そこへ、山菜を抱えた小太りの少年が店にやってくる。少年は主を釣ったギンを褒め称え、島民全員に振る舞おうと提案する。ギンは、ずっと一緒にいたい人と、ずっと一緒にいることを心に誓い、少年と共に満面の笑顔で料理を作り始める。
島から一羽の鳥が飛び立ち、様々な人々が暮らす街の上空を舞う。それは誰かの息子、誰かの娘、誰かの孫であり、それぞれの場所で誰かと笑顔を交わしている。その中には、かつて登場したキャラクターの子どもや孫の姿もあるかもしれない。鳥は空の彼方へ飛び去り、それを見送る誰かの後ろ姿で物語は幕を閉じる。
解説
第1話のセルフオマージュになっているのだが、ゴンがハンターとして世界を駆け巡る物語とは対照的に、ギンはくじら島に留まり、島の人々と共に生きることを選ぶ結末。
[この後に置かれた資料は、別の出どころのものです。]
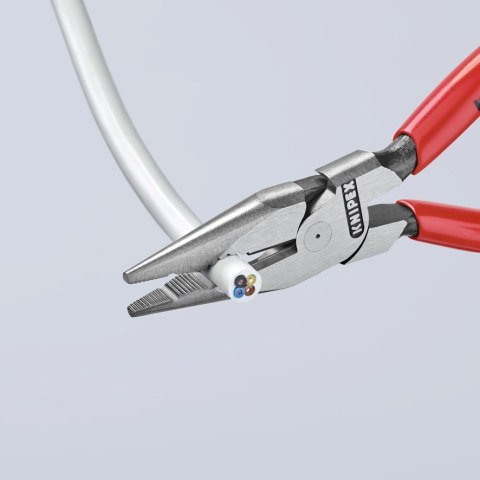 SZCZYPCE UNIWERSALNE Z OSTRO ZAKOŃCZONYMI SZCZĘKAMI PCV 145M KNIPEX SZCZYPCE UNIWERSALNE Z OSTRO ZAKOŃCZONYMI SZCZĘKAMI PCV 145M KNIPEX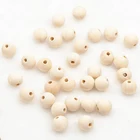 Beads Hot Sale Eco-friendly Organic Baby Pacifier Dummy Chain DIY Jewelry 10mm Natural Maple Wooden Beads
主人公ゴンの物語の直接的な結末ではなく、彼の血縁者である少女・ギンを主人公とした、その後の世界を描いた後日談となる。
本編が穏当に終わればどこからでも繋げられそうな、言ってしまえば無難な最終回と言えるかもしれない。
ゴンと結ばれる相手が原作でも名前が少し出るだけの超マイナーキャラであるノウコというのも話題になった。
第61話「阿鼻×叫喚×レクイエム」 第62話「緋の目×沈黙×カタストロフ」
こちらは1999年から2001年にかけて放送されたテレビアニメ『HUNTER×HUNTER』において、当初予定されていたものの、諸事情によりお蔵入りとなった幻の最終回のこと。
本来、第61話「阿鼻×叫喚×レクイエム」、第62話「緋の目×沈黙×カタストロフ」の2話構成で最終回を迎える予定でTVガイドの番組表にも載っていたのだが、以下のような要因から差止めとなった。
- 原作側からのクレーム:最終回の内容が原作とは大きく異なり、アニメ独自の展開となっていたため、原作者である冨樫義博から待ったがかかったとされる。冨樫は「ハンターはちゃんと最後まで描き上げるので」とコメントしたというが定かではない。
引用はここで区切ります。